A Line! A Line! My Kingdom for a Line!

Reading the title of this, one might think I’m talking about an illegal subtance. Yes, I just thought of that while I was writing this entry. I’m a little naive. Remind me to tell you about the knee pads and the Christmas party sometime. Took me nearly an hour to catch onto that.

No, I don’t need drugs, although it could be argued I need psychiatric help. I’m tearing apart LET’S DISH to change its genre. That’s right – the chick lit is getting a romance make over. Not for the hell of it, mind you. I have an editor interested in it. The changes would be minor, I think, except apparently this particular publisher no longer publishes chick lit. That’s a problem.

Yes, I’m an idiot and didn’t read the guidelines closely enough. You see, I met the an editor from this company when I was in New Jersey two years ago, and while all the other pubs were down on chick lit, these folks were gung-ho for it. The editor was a lovely lady, and I really was tempted to submit LD right then and there. However, they were a little on the small potatoes side and there was speculation they would fold any second. Obviously they’re still around, and have done well it seems. Their authors love them, and everything I’ve read about them is favorable, so I went for it.

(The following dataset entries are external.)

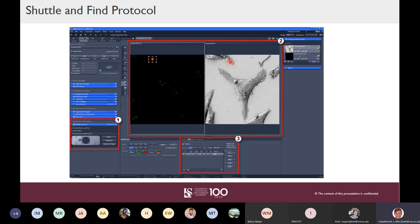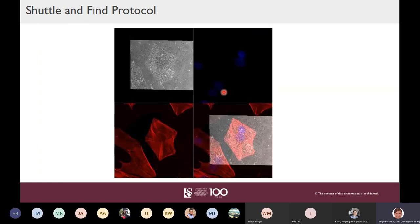Zen also offers correlation overlay of the images. You identify typically three fiducial marker beads visible on both images, tell the software they are the same points, and it overlays them. Here's an example: our fluorescence image had blue and red channels, and after the shuttle-and-find overlay the software creates one more channel — the electron microscope channel — and you can then overlay or remove colors as needed.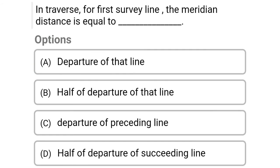Next question: in traverse, for the first survey line, the meridian distance is equal to — Option A: departure of that line, Option B: half of departure of that line, Option C: departure of preceding line, Option D: half of departure of succeeding line. The correct answer is Option B, half of departure of that line.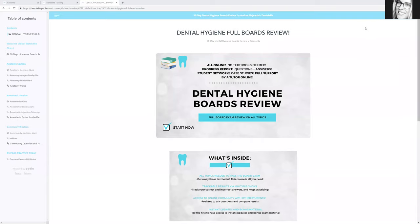Hello everybody. Hopefully everybody's getting some studying in so far. I've had some questions, so I wanted to hop on to do a quick video. A lot of you have been asking where to start. I do suggest starting at the anatomy section first, then going through the anesthetic, and then the community after that.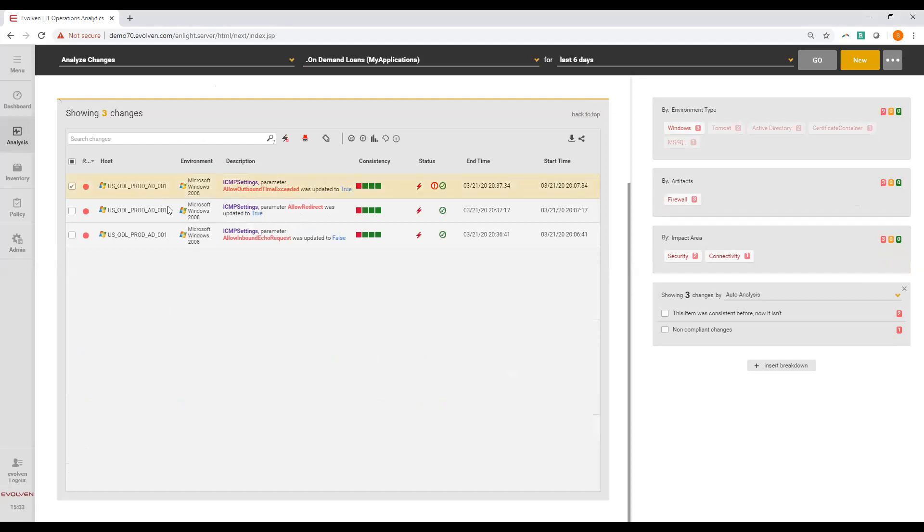Evolven provides a clear description that in ICMP settings of a Windows operating system, parameter allow outbound time exceed was updated to true. This is a good example of a granular change that Evolven detected at the level of individual configuration parameter.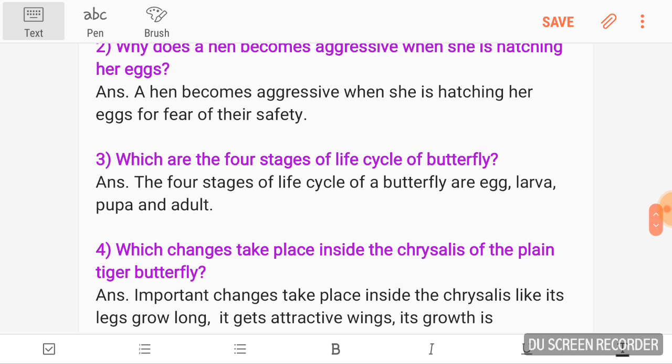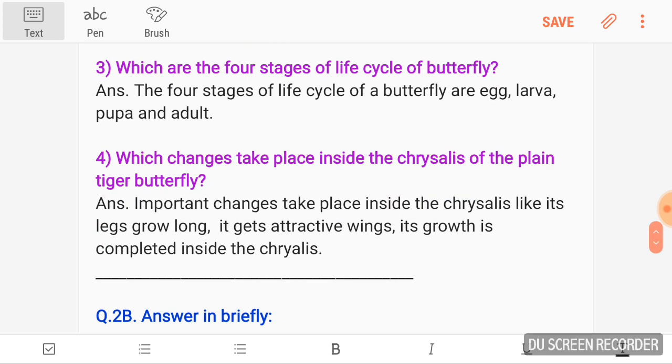Third, which are the four stages of the life cycle of a butterfly? Answer: The four stages of the life cycle of a butterfly are egg, larva, pupa, and adult. Fourth, which changes take place inside the Chrysalis of the plain tiger butterfly? Answer: Important changes take place inside the Chrysalis — its legs grow long, it gets attractive wings, and its growth is complete inside the Chrysalis.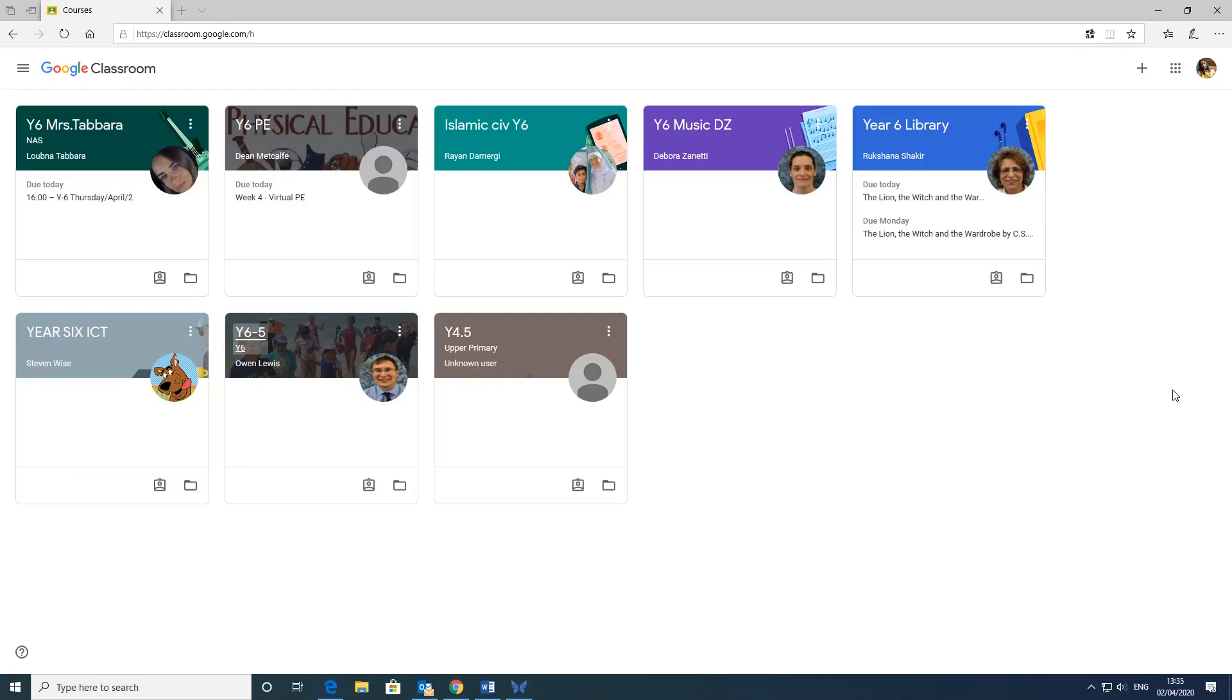See you all really getting to grips now with Google Classroom and doing such a fantastic job with it. I'm going to show you particularly today how to re-access your work to look at the feedback that your teachers have sent back to you.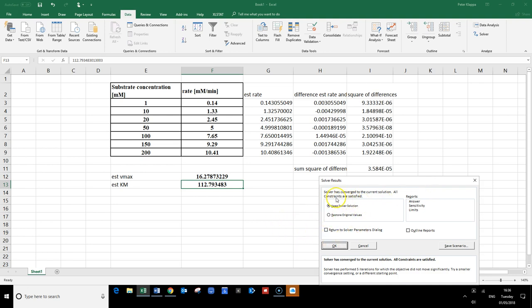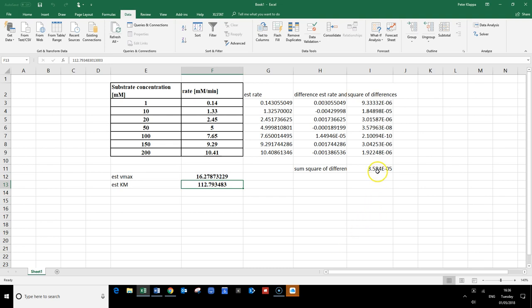Solver does find a solution to our problem — it optimizes our estimated Vmax and Km. It gives us the minimum sum of squared differences, which is a very small number. By changing Vmax and Km to these optimal values, we find that Vmax is 16.28 and Km is 112.79. With these two numbers, our calculated rate is as close as possible to the observed rate — any changes would result in a higher difference.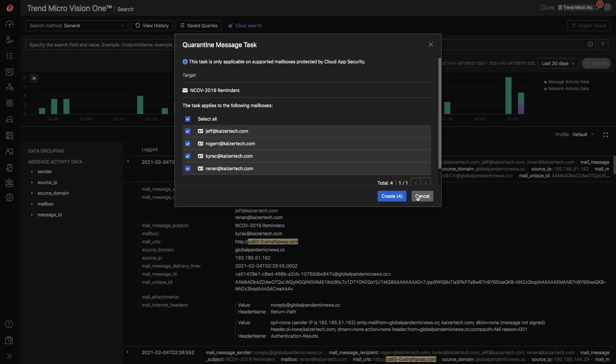This is how Trend Micro brings together telemetry from multiple security layers into a comprehensive yet easy to understand view. This is the Trend Micro Vision One Workbench.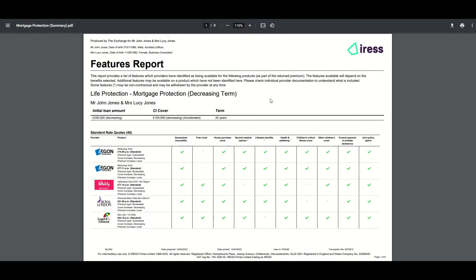What we're showing here is a summary report for mortgage protection — this is a personal protection policy. Much like the comparison print, we have the client information, the advisor information and the quote information available. This report is designed to be a companion to the comparison print. It will show the providers and their products in exactly the same order as the comparison print so you can compare them side by side. You also have the transaction number available so you can marry the two reports up.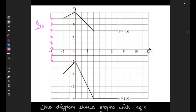Secondly, we can see a stretch. The part that was spread out over one unit is now stretched to two units vertically, and the part that was stretched over three units is now stretched to six units. So we can clearly see that there is a vertical stretch by a factor of two.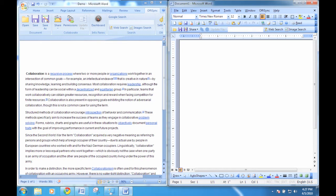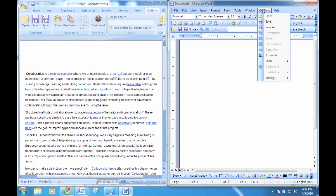OfficeSync significantly improves the way multiple users work on a shared file with a new co-authoring functionality. To start co-authoring a document, simply have all your collaborators open the file from Google Docs or Google Sites with the OfficeSync toolbar installed.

But stupid me didn’t read the fine print. Since I met that editor, they’ve changed their focus and publish romance only. Good one, Catie. Break a cardinal rule and send a women’s fic manuscript to a romance publisher.

However, the editor on whose desk it landed liked it. Gave me some terrific compliments and spent an obviously substantial amount of time making very specific notes for me. All great things. But now I have to change genres to make it publishable for her company. Not that there’s a guarentee, but I think the chances are pretty good. (Cross your fingers, folks… this might be it. Just don’t hold your breath.)

So I know what I want to do and where I want to go with ti. But it’s a substantial re-write, which starts with a new first chapter. And there’s my problem. The first line.

In college, other kids used to hate me because I could whip out a term paper in one sitting. Twenty pages? No problem. Let me review my notes and I’ll see you in two hours. Always got As on my papers. Yes, I was an annoying pain in the… well, you get the idea. What no one knew was while it took me no time at all to write those papers, it took me days to get the first line. Once I could formulate that first line, I was in business. But coming up with that sucker was like doing a root canal sans anesthesia. Still is. Which is why my first lines tend to suck, and why I need a whole new first chapter for LD.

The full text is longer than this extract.